La religion c’est du sérieux. Si elle n’est pas vérité scientifique, elle est assurément vérité culturelle et sociétale. La difficile compréhension de l’infini ; la prodigieuse existence de la vie végétale, animale, humaine, microbienne ; la persistance des injustices et des souffrances de par le monde ; l’espoir d’une vie après la mort, toutes ses réalités ou représentations qui nous habitent, ont conduit l’Homme à trouver une explication qui dans une religion, qui dans une philosophie, qui dans un courant de pensée.

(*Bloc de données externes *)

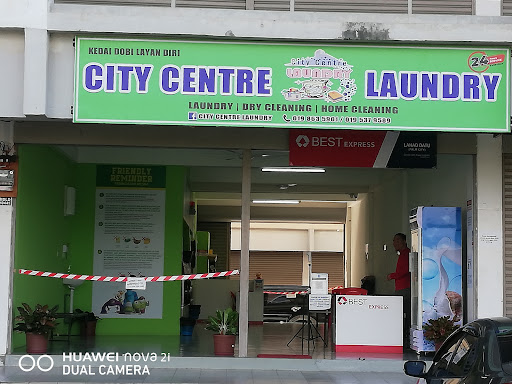 Dobi City Centre Laundry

Quelles que soient les croyances des Hommes, un certain nombre d’entre eux se sont adonnés et s’adonnent encore à l’étude de ces manifestations religieuses, philosophiques, spirituelles ou sectaires tant ces phénomènes ont marqué profondément la culture de tous les peuples.

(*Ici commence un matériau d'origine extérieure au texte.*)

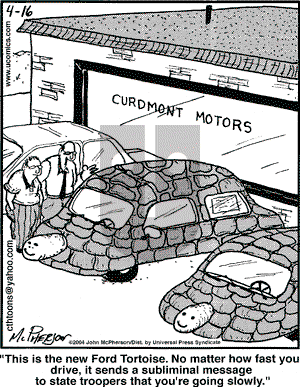 Close to Home - Friday April 16, 2004 Comic Strip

C’est dans ce vaste cadre que le chercheur Saïd Djabelkhir tente une présentation originale et documentée du fait islamique. L’auteur y promène un regard neuf, respectueux et savant. Sa place n’est pas devant le prétoire d’une justice algérienne déjà décriée pour ses méfaits, elle est dans une chaire professorale depuis laquelle il doit éclairer nos jeunes étudiants et la société.

À la question de la liberté de culte, de croire ou de ne pas croire, l’heure est venue d’y répondre sans faux-fuyants. Le Hirak/Amussu a cette lourde charge d’y travailler tout en maintenant les rangs serrés pour abolir le régime qui nous a inculqué le charlatanisme et nous conduit tout droit vers l’inquisition.